A command-line interface and python library for encoding text into synthetic speech using Google Cloud Text-To-Speech or ElevenLabs APIs.
Project description
The zaphodvox
python package provides a command-line interface for encoding a text file into synthetic speech audio using either the Google Text-to-Speech API or the ElevenLabs Speech Synthesis API.
It can be run from the command-line or imported as a python package for programmatic integration.
Installation
"He was clearly a man of many qualities, even if they were mostly bad ones."
$ pip install zaphodvox
Authorization
"He didn't know why he had become President of the Galaxy, except that it seemed a fun thing to be."
Authorization credentials are required for both the Google Text-To-Speech APIs and the ElevenLabs Speech Synthesis APIs. These can be specified either by defining environment variables or using CLI arguments.
The Google encoder requires that you set up an account, project, and service account JSON key as described in the "Before You Begin" documentation.
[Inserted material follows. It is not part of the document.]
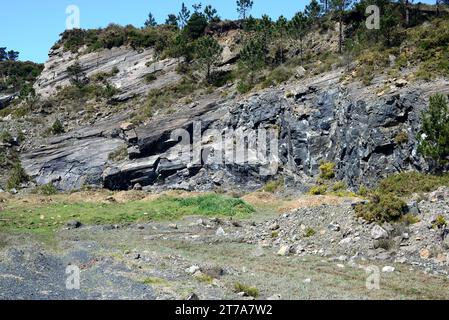 Dunite o olivinite è una roccia ultramafica intrusiva (gruppo peridotite). Questa foto è stata scattata a Cabo Ortegal, A Coruña, Galizia, Spagna. Foto Stock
You can set the GOOGLE_APPLICATION_CREDENTIALS
environment variable to the downloaded service account file path or you can pass the file path directly to the CLI with the --service-account
argument.
ElevenLabs
The ElevenLabs encoder requires that you set up an account and generate an API key as described in the "Authentication" section of the API Reference documentation.
You can set the ELEVEN_API_KEY
environment variable to the API key copied from your profile page or you can pass the key directly to the CLI with the --api-key
argument.
Usage
"I refuse to answer that question on the grounds that I don't know the answer."
An example text file (gone-bananas.txt
):
This is the first line of text.
This is the next line. By default, each line of text is sent to the API individually.
This is the last line. And this is a sentence that is split
between lines. Ideally, these parts of the sentence would be on the same line.
$ zaphodvox --encoder=google --voice-id=A --encode gone-bananas.txt
Running the above command will encode the text file using the Google Text-to-Speech API with the en-US-Wavenet-A
voice. This will result in the following audio files being created in the working directory (one file for each line of text):
gone-bananas-00000.wav ["This is the first line..."]
gone-bananas-00001.wav ["This is the next line. By default..."]
gone-bananas-00002.wav ["This is the last line. And this is..."]
gone-bananas-00003.wav ["between lines. Ideally, these..."]
If you want the individual audio files combined into one, you can add the --concat
argument:
$ zaphodvox --encoder=google --voice-id=A --encode --concat gone-bananas.txt
Now only a single file, gone-bananas.wav
, will be created in the working directory.
Note that there isn't much silence between individual lines of a text file. To add a delay between lines, we simply need to add an extra newline between each line of text. The easiest way to do this is to use the --clean
option:
$ zaphodvox --clean gone-bananas.txt
This command will convert the text file to plain text and attempt to add an extra newline between paragraphs as well as combine sentences that have been split between adjacent lines. It will output the newly "cleaned" text file as gone-bananas-cleaned.txt
:
This is the first line of text. It should probably be a paragraph.
This is the next line. By default, each line of text is sent to the API individually.
This is the last line. And this is a sentence that is split between lines. Ideally, these parts of the sentence would be on the same line.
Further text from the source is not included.